Her book is divided into six chapters. It is a microhistory of Grigera's life and a social political and cultural history of the racialization of blackness. The first phase delves into Grigera's ancestors. These two chapters, appropriately named “Ancestors 1850–1880” and “Community 1880–1900,” provide a crucial social and economic context of the nineteenth century in the mist of gradual abolition. Within these two chapters, Alberto dismantles common myths of “black disappearance” and methodically pinpoints the house in which Grigera's ancestors lived. This was a great find, and it is a testament to her thorough research. The “Community” chapter further undertakes the analysis of the black press to reveal a vibrant Black community amid institutionalized whitening.
The next two chapters, “Youth (1900–1910)” and “Celebrity (1910–1916),” focus on Grigera's stay at the Marcos Paz “home” and his rise to fame. He had a short stint at Marcos Paz, a state-run reformatory for abandoned or delinquent male minors. His admission to this reformatory spoke to the larger criminalization of blackness that was taking place. Forced into the home by his father, he remained there for 13 months.
The chapter “Celebrity” focuses on his rise to fame, a period during which he became known as the murciélago —the creator of the night. The backdrop of his celebrity—the larger success of Argentina's achievement of whiteness during the period—made Grigera a rarity and fulfilled one of the narratives of the last remaining Black Argentines. The chapters “Defamation (1916–1930)” and “Death (1930–1955)” recount the later stages of Grigera's life. In the Defamation chapter, he becomes associated with niños de bien who take advantage of Grigera's simplicity—or possibly Grigera himself plays into these stereotypes. Various journals publish cartoons or comics to further perpetuate his buffoonery.

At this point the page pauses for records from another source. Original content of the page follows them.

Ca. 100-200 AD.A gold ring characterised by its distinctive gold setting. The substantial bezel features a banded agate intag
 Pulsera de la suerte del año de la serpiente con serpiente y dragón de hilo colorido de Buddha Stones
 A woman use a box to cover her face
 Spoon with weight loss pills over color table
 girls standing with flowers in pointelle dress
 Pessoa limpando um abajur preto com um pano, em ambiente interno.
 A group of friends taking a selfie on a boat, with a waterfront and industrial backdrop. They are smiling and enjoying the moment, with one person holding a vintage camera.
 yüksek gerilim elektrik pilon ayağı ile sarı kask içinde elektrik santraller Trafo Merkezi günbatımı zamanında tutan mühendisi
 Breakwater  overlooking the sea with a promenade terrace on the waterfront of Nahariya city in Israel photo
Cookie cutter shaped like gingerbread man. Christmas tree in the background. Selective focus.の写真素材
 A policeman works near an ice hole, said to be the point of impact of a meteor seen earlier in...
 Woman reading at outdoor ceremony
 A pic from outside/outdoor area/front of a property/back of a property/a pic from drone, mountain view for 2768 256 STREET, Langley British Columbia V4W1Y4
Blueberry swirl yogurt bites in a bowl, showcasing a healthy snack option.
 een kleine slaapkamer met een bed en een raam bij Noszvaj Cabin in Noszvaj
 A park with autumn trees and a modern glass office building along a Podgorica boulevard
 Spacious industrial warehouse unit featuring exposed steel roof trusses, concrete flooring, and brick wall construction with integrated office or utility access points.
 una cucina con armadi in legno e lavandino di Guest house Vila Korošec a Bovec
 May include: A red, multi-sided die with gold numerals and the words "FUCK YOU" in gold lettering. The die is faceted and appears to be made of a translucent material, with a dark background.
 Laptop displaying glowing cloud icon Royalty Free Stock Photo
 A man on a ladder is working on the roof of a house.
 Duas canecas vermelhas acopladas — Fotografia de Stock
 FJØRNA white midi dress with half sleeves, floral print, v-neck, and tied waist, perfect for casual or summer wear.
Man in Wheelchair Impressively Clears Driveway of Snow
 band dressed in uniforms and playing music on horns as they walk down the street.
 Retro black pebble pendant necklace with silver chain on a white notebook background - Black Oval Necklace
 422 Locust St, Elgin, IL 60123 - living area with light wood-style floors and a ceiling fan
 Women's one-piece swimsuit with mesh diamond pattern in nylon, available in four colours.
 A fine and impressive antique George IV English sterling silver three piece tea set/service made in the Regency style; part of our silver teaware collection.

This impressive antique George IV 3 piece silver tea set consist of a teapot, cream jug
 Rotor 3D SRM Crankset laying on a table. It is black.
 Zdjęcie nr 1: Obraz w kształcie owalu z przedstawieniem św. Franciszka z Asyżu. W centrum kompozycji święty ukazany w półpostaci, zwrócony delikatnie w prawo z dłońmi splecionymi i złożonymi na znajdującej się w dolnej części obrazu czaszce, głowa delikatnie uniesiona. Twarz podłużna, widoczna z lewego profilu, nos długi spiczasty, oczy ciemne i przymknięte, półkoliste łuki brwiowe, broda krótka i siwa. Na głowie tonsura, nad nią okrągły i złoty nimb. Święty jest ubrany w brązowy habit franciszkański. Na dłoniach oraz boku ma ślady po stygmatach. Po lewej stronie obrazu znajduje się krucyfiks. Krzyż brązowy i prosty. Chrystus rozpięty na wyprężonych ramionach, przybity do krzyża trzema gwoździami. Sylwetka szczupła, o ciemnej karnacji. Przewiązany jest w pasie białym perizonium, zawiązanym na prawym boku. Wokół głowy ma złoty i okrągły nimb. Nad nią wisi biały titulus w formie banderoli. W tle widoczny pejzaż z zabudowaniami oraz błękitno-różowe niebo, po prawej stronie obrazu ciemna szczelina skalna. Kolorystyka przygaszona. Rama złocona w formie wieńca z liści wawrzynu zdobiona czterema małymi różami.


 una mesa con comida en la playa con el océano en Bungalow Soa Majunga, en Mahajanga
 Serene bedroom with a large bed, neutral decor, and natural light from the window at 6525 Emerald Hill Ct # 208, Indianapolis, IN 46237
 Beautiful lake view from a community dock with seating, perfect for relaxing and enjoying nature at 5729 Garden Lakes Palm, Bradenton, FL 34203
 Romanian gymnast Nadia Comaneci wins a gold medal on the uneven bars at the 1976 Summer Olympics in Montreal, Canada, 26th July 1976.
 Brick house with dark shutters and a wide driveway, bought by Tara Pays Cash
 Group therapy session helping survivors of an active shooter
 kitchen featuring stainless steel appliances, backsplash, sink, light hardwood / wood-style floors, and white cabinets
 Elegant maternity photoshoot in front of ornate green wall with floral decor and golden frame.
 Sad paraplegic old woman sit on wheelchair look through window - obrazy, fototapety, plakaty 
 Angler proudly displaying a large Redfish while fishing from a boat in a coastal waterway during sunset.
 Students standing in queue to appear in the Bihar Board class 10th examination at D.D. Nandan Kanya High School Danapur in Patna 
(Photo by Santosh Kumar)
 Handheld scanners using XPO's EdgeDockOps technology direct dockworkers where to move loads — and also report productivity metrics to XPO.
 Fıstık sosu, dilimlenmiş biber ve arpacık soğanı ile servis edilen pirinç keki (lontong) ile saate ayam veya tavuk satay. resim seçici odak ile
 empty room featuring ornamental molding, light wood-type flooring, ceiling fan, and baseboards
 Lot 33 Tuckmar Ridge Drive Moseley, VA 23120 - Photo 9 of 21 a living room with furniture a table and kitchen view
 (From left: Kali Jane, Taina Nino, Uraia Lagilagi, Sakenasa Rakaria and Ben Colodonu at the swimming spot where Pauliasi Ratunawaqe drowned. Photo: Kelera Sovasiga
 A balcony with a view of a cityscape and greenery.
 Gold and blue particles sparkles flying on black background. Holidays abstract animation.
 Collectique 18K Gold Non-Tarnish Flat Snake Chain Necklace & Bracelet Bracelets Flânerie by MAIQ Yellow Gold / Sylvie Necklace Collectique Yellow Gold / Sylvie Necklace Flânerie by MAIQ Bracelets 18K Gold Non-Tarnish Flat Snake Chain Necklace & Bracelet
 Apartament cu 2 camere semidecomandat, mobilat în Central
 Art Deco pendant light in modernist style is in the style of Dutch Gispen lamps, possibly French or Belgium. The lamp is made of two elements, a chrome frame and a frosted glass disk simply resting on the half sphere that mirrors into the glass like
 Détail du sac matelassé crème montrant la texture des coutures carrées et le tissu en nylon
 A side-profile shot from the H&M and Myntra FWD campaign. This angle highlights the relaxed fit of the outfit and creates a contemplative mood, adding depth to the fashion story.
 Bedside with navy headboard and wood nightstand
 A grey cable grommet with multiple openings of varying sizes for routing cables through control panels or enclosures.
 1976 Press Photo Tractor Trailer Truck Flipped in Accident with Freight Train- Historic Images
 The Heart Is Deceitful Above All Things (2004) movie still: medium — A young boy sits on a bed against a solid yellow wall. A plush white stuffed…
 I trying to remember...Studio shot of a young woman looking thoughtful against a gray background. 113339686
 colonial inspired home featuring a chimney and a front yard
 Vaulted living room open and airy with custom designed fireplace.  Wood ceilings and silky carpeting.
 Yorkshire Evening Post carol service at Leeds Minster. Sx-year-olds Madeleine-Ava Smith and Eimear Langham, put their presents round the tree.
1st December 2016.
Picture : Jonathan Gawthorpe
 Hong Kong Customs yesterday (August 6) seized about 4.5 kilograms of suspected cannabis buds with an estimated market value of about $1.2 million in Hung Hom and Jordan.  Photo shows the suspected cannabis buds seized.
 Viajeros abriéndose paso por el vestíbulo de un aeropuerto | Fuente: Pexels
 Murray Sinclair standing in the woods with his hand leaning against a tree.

Within the larger political atmosphere of the presidencies of Hipólito Yrigoyen (1916–22; 1928–30), the word ‘negro’ became popularized and started to move beyond racial terms and toward “ways of being.” Grigera's wayward buffoonish behavior further confirmed that his blackness was more of his character and less of his race. The “Death” chapter details his stay in Colonia's hospital and his death in July 1955. This sad chapter elicits emotion as it details the death of a person and Black erasure. It was during this rise of Peronism that meanings of blackness made the disappearance of blackness complete.
The epilogue makes a quick reference to “Obaca,” a black character parody, who rose to fame during Barack Obama's presidency. Centering on the twenty-first century, which in this context is one of parody and sarcasm, Alberto provides an opening to the next narrative of blackness in Argentina.
However, I do question Alberto's choice to explain her archival access and personal identity in the epilogue. Since she has already provided this information in the introduction, it is repetitive here and distracts the reader from an otherwise brilliant epilogue. Nevertheless, this biographical microhistory, which speaks to the stories of blackness in Argentina, was both clever and entertaining, and Alberto's ability to uncover so many details about Raúl Grigera's life is to be commended. Experts and the general public would enjoy this book.